I was standing in a crowd at a Goose show at First Bank, people dancing, the lights bouncing off faces that looked just as alive as the sound coming from the stage. Normally, that scene would have included a drink in my hand. For years, that’s how concerts worked for me.

But this time was different.

It was my first show sober.

I had stopped drinking on March 13, 2022. At that point, sobriety was still new territory. Everything felt a little uncertain. I knew I needed the change, but I also wondered what it meant for the things I loved most.

Music was one of them.

Live music had always been a place where I felt at home. The kind of place where strangers become friends for a few hours and everyone seems to understand something that’s hard to explain. But alcohol had always been part of that ritual.

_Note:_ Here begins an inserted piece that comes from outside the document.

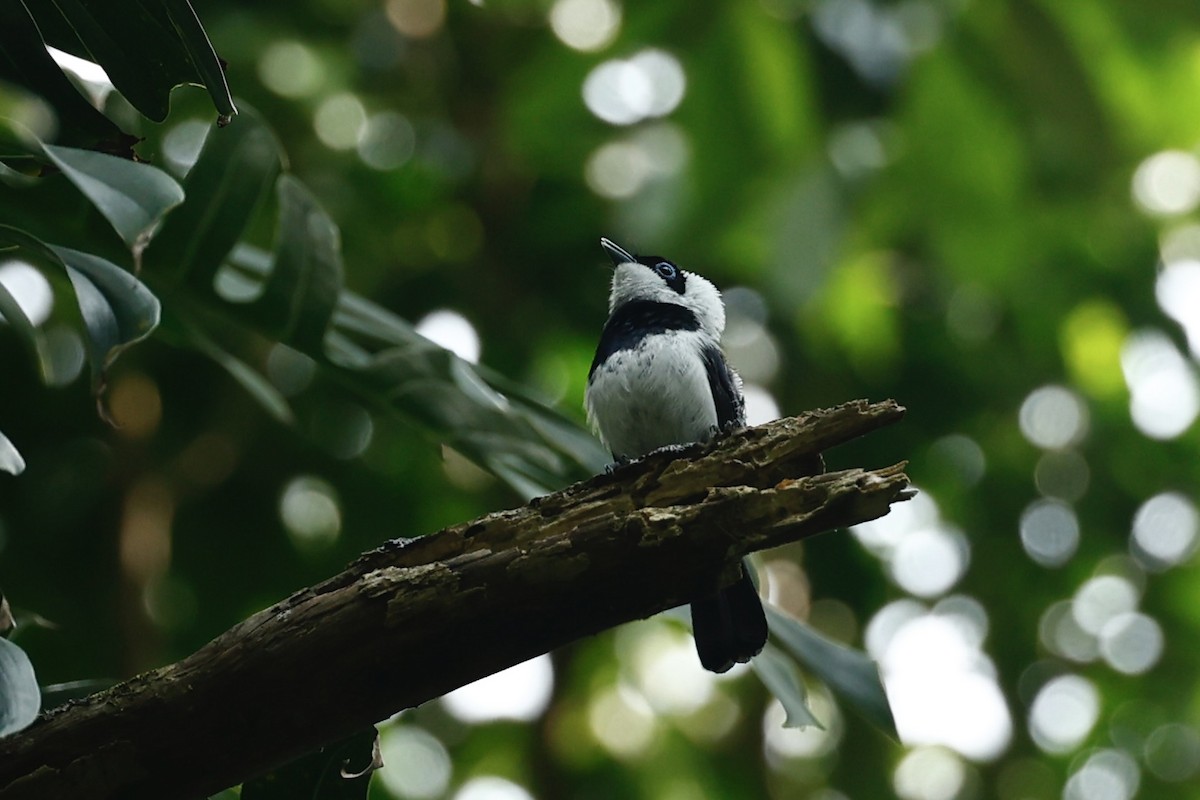 Pied Monarch - ML647212376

So walking into that show sober felt like stepping into the unknown.

I remember the moment the band started playing. The room filled with sound and the crowd surged forward. People were cheering, dancing, raising their drinks. And I stood there for a second thinking…

Is this going to feel different?

And it did.

But not in the way I expected.

Instead of feeling disconnected, I felt more present than I had in years. I heard every note more clearly. I noticed the small moments—the guitar player locking into a groove, the crowd singing back a chorus, the feeling of being surrounded by people who were all there for the same reason.

The music.

For the first time in a long time, I realized that the thing I loved about concerts had never actually been the drinking.

It was the connection.

It was the shared experience.

It was the feeling of being alive in the middle of a song that seemed to stop time for a few minutes.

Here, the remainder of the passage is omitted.